Pembongkaran lapak usaha arang batok kelapa dilakukan pemerintah karena asap pencemaran melebihi ambang batas baku mutu yang disyaratkan dalam Undang-Undang Nomor 32 Tahun 2009 tentang Perlindungan dan Pengelolaan Lingkungan Hidup.
Dampak dari pembakaran arang batok kelapa juga dikeluhkan warga karena terganggu asap sisa pembakaran yang masuk hingga ke rumah warga bahkan hingga ke lingkungan SDN Cilincing 07 Pagi.
Ada salah satu guru SDN 07 Cilincing Pagi beinisial AP (48) yang divonis dokter menderita pneumonia akut. Penyakit itu diduga akibat asap pembakaran arang batok.
Tanah negara diperjualbelikan
Alwi menambahkan, tanah yang ditempati para pengusaha arang itu merupakan aset Pemerintah Provinsi DKI Jakarta. Sesuai dengan perencanaan tata ruang wilayah, lahan yang diapit Kali Gendong dan Kali Cakung Drain itu merupakan jalur hijau.
Para pengusaha arang sudah menempati wilayah itu sejak sekitar 2004. Meski warga mengaku dipindahkan pemerintah, Alwi belum mendapatkan bukti kalau pengusaha arang yang tinggal di sana direlokasi pemerintah.

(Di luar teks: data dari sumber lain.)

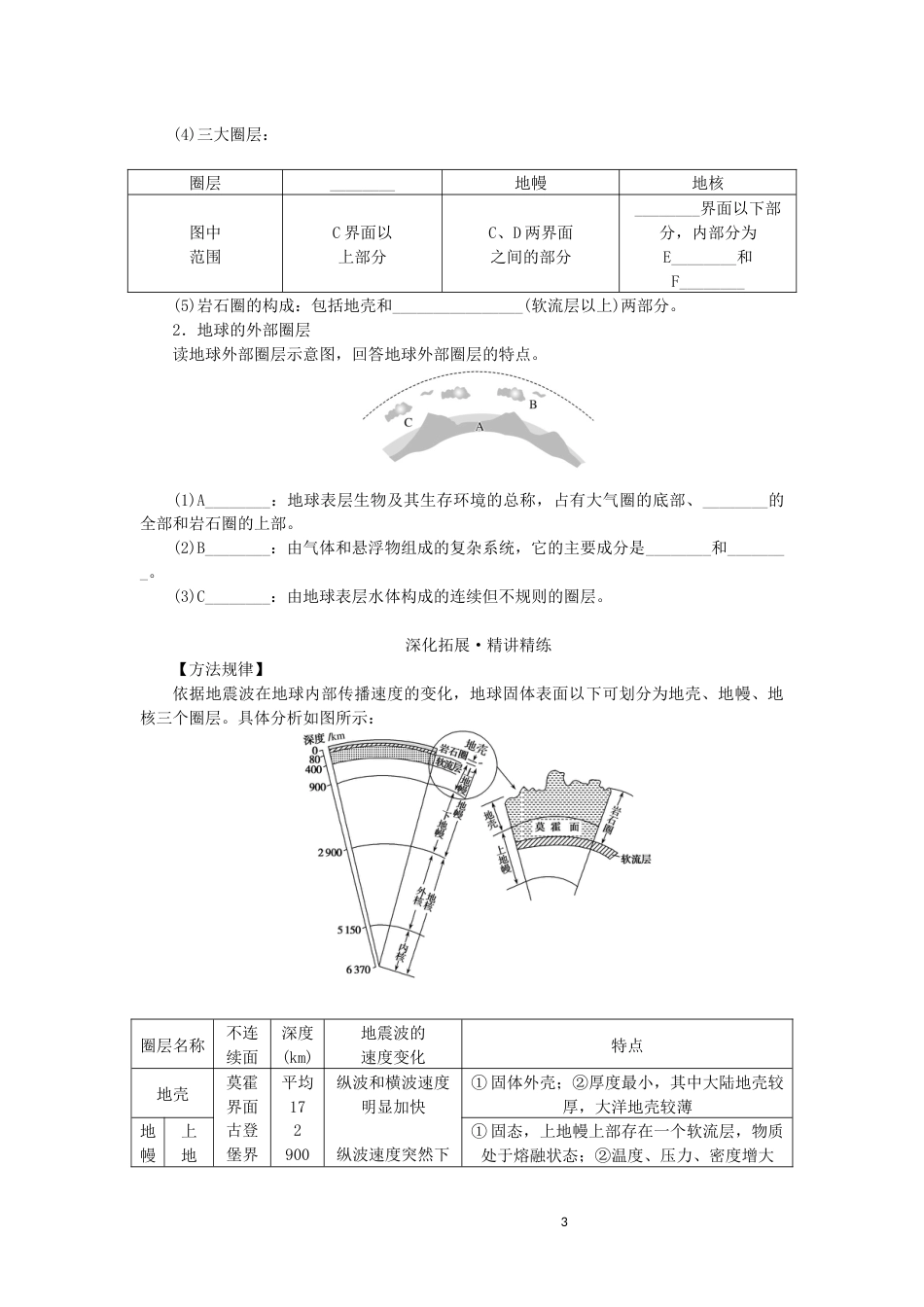 统考版2023版高三地理一轮复习第6讲地球的结构地壳的物质组成和物质循环讲义_第3页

Kepala Dinas Cipta Karya Pertanahan dan Tata Ruang DKI Jakarta Heru Hermawanto menyampaikan bahwa kawasan itu seharusnya masuk ke dalam kategori hunian. Namun, seiring berjalannya waktu, permukiman padat itu terus berkembang menjadi kawasan industri perumahan.
”Awalnya memang bukan pabrik seperti itu. Awalnya memang hunian. Dari situ, hunian difungsikan ganda, hunian dan industri. Industri rumahan,” ujar Heru, Rabu (18/9).
Sudirman (59), salah satu pengusaha arang batok kelapa, mengatakan, mereka pada 2004 dipindahkan dari Budi Darma oleh Pemerintah Kecamatan Cilincing dan Satuan Polisi Pamong Praja. Meski demikian, untuk menempati lahan yang kini dihuni, mereka harus membayar ke pihak-pihak tertentu.
”Ini memang lahan pemda, tetapi tidak gratis. Waktu itu luas lahan 10 meter persegi, saya bayar Rp 2 juta. Bayar kepada penggarap lahan atau ke mereka yang pindahkan kami ke sini,” kata lelaki asal Madura, Jawa Timur, itu.